9. Considering whether potential extensions of lease terms are likely to impact on the landlord’s intended use of the property (e.g. proposed redevelopment).
10. Ensuring the timely integration of agreed rent reductions and rent freezes into the landlord’s or its property manager’s accounts systems.
11. Considering the landlord’s rights to enforce lease provisions pending the implementation of the legislation in the relevant jurisdiction (including in relation to any existing breaches).
12. Undertaking an audit of all security deposits and bank guarantees held by the landlord to ascertain the expiry dates, if any, of the bank guarantees and to ensure the landlord’s interest in any security deposits have been registered.
13. Considering if tenants should be required to replace any bank guarantee containing an expiry date (to ensure expiry does not occur until the later of the end of the Code Period and the date all rent deferrals are required to be repaid).
14. Considering cost savings (such as reduced security costs, services and cleaning) but taking into account landlords’ obligations under legislation to provide or maintain these services.
Tenants should consider the following:
1. Assessing whether the Code applies to the tenant.
2. Ensuring all turnover information is up to date and gathering information necessary to demonstrate to landlords that the Code applies to the tenant, including information to evidence the reduction in the tenant’s turnover.
3. Considering the nature and form of the rent reduction required to sustain the tenant’s business during the Code Period and into the future.
4. Ensuring that any requests for rent reductions are proportionate to the reduction in the tenant’s turnover.
5. Unless otherwise permitted under the Code (or agreed with the landlord), ensuring continued compliance with the provisions of the lease (failure to do can result in the loss of the protection provided under the Code).

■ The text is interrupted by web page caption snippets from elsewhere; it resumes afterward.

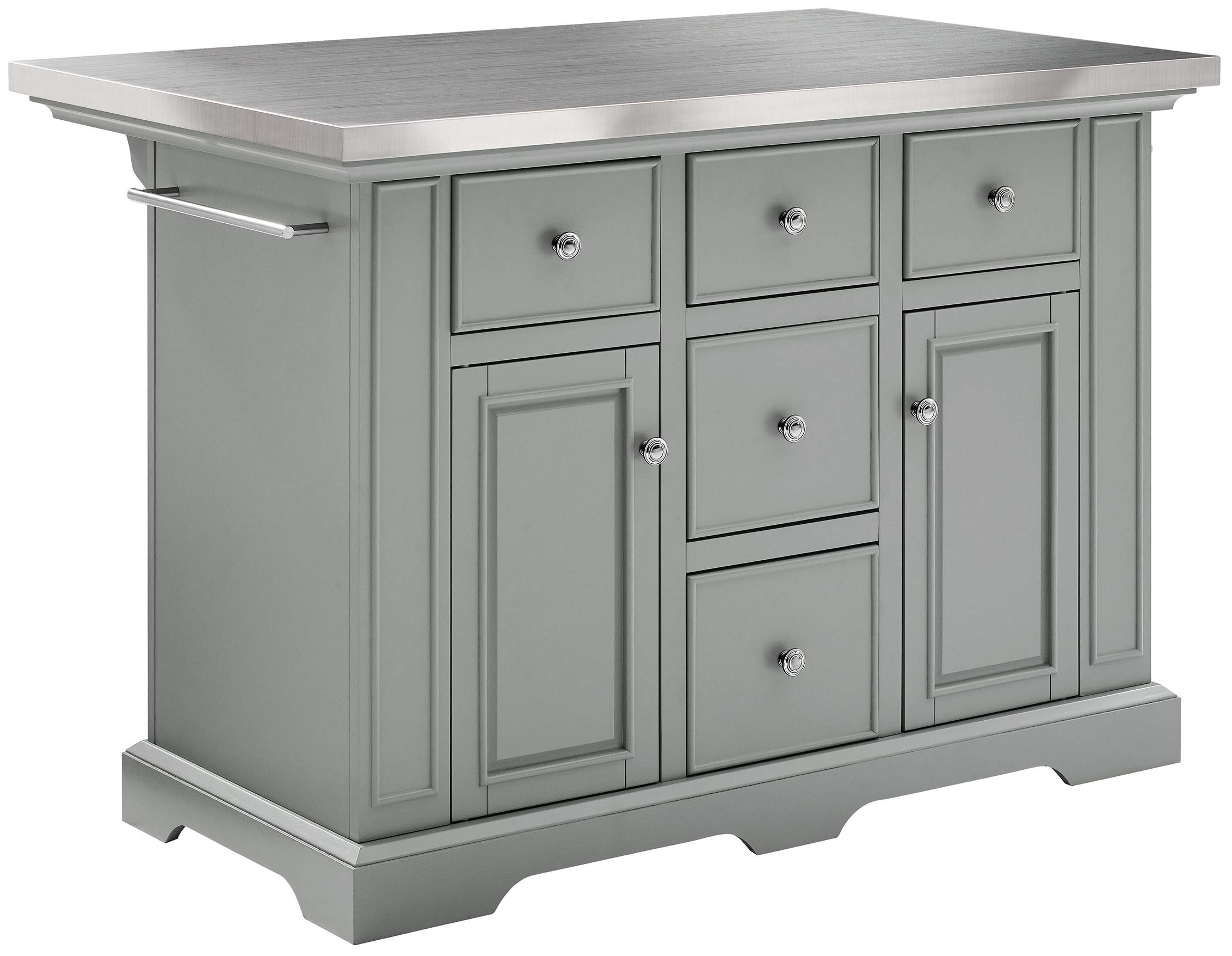 Crosley Furniture Julia Kitchen Island with Stainless Steel Top, Gray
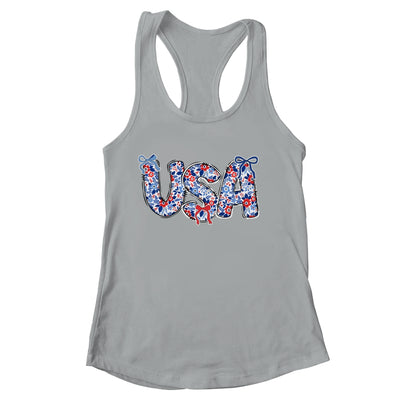 Floral Coquette USA Retro America 4th Of July Patriotic Girl Shirt & Tank Top | siriusteestore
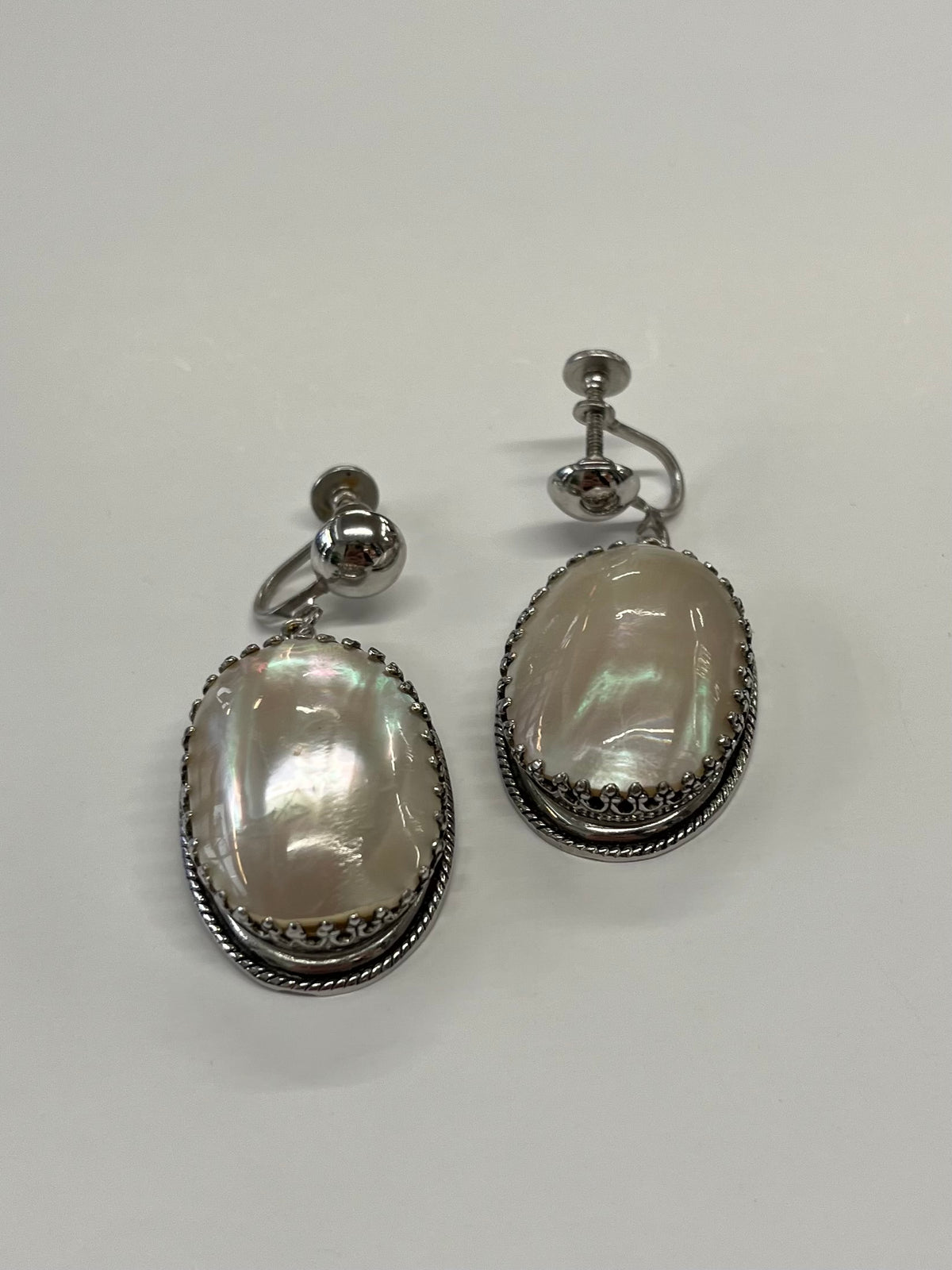 1950s Vintage Whiting and Davis Sterling and Mother of Pearl Screwback Earrings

6. Where the Code does not apply to a tenant, but the tenant’s business has been affected by COVID-19, opening discussions with landlords seeking co-operation within the spirit of the Code.
7. Ensuring it has the resources and expertise needed to gather the information needed to apply for Commonwealth Government’s JobKeeper program and to negotiate lease variations with landlords.
Case study: rent reductions
If a tenant can establish it is experiencing an 80% decrease in turnover as a result of measures taken to deal with the COVID-19 pandemic (determined based on reduction of trade during the Code Period and subsequent reasonable recovery period) it would be entitled (in principle) to a reduction in the corresponding rent by 80%, with at least half of this reduction being a permanent waiver. So, if the tenant’s monthly rent was $100,000, rent would be reduced by $80,000 to $20,000 each month during the Code Period.
In relation to the $80,000 reduction:
$40,000 is permanently waived each month of the Code Period by the landlord; and
$40,000 is deferred each month (repayable over the greater of the balance of the term and 24 months after the Code Period (except as otherwise agreed).
About Hamilton Locke
Hamilton Locke is a corporate law firm specialising in complex corporate finance transactions, including mergers and acquisitions, private equity, finance and restructuring, litigation, property and fund establishment.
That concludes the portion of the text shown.